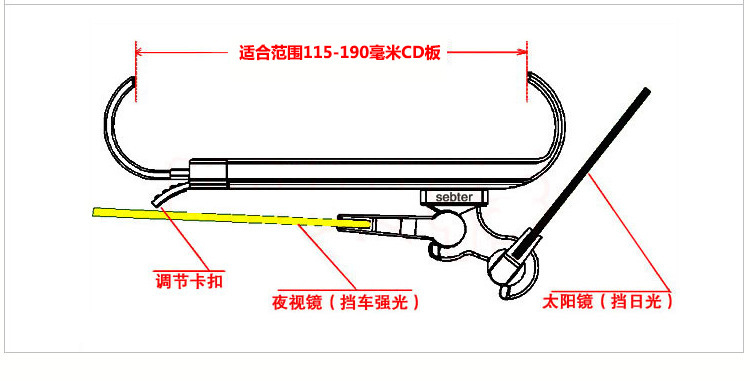 Car Anti-High Beam Night Vision Artifact Anti-Glare Sun Visor Nemesis Car Dazzling Day and Night Driver's Goggles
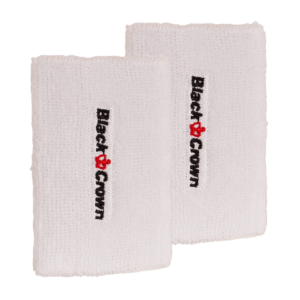 SET 2 MANȘETE LUNGI BLACK CROWN ALBE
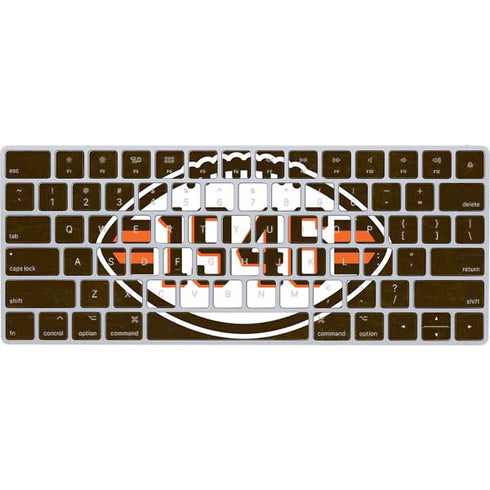 NFL Cleveland Browns Alternate Distressed Magic Keyboard Skin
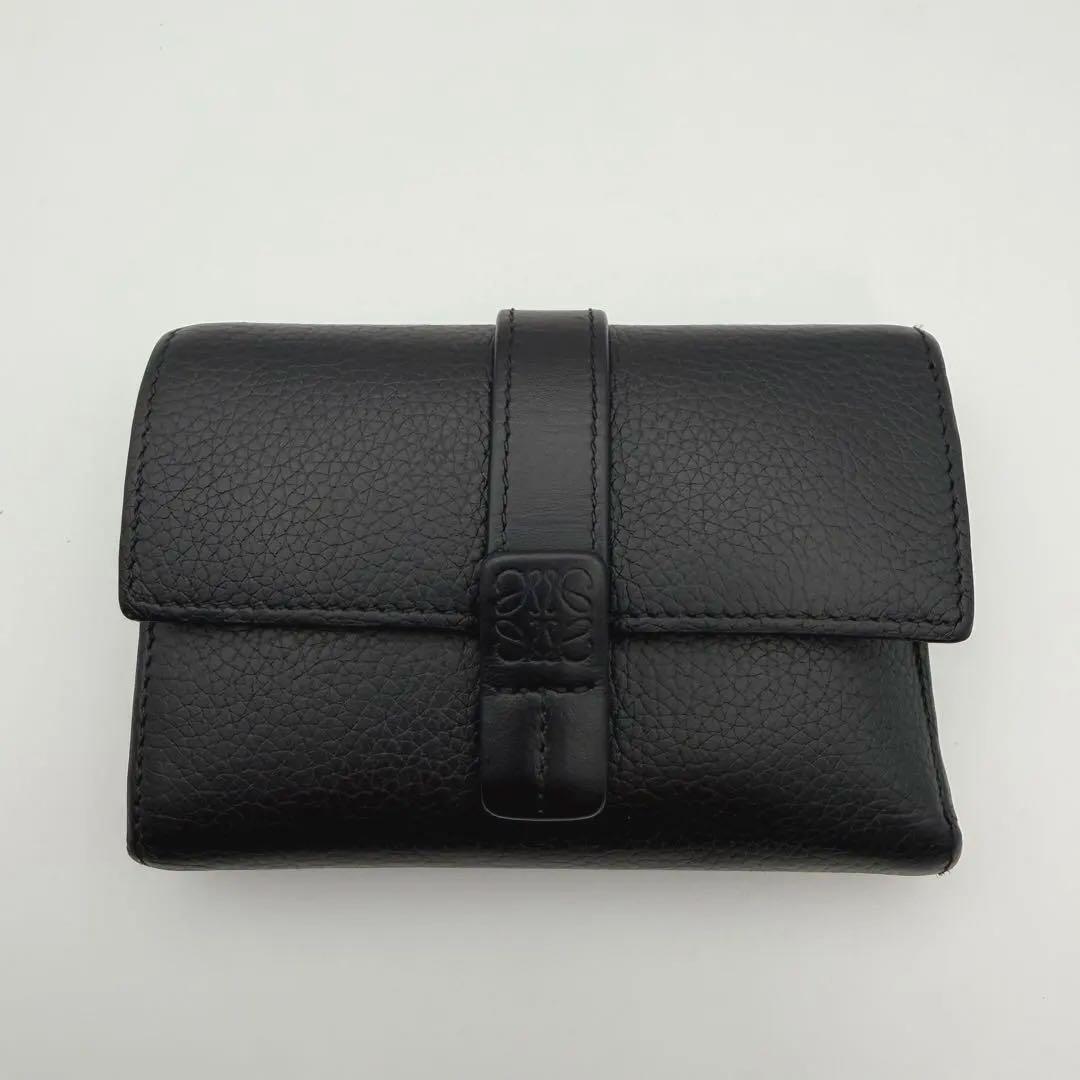 LOEWE ロエベ 財スモールバーティカルウォレット ファスナー 三つ折り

──────────

Aim of the exercise: Once more, please print all the lines above exactly, without their pictures.

Final answer:
 Car Anti-High Beam Night Vision Artifact Anti-Glare Sun Visor Nemesis Car Dazzling Day and Night Driver's Goggles
 SET 2 MANȘETE LUNGI BLACK CROWN ALBE
 NFL Cleveland Browns Alternate Distressed Magic Keyboard Skin
 LOEWE ロエベ 財スモールバーティカルウォレット ファスナー 三つ折り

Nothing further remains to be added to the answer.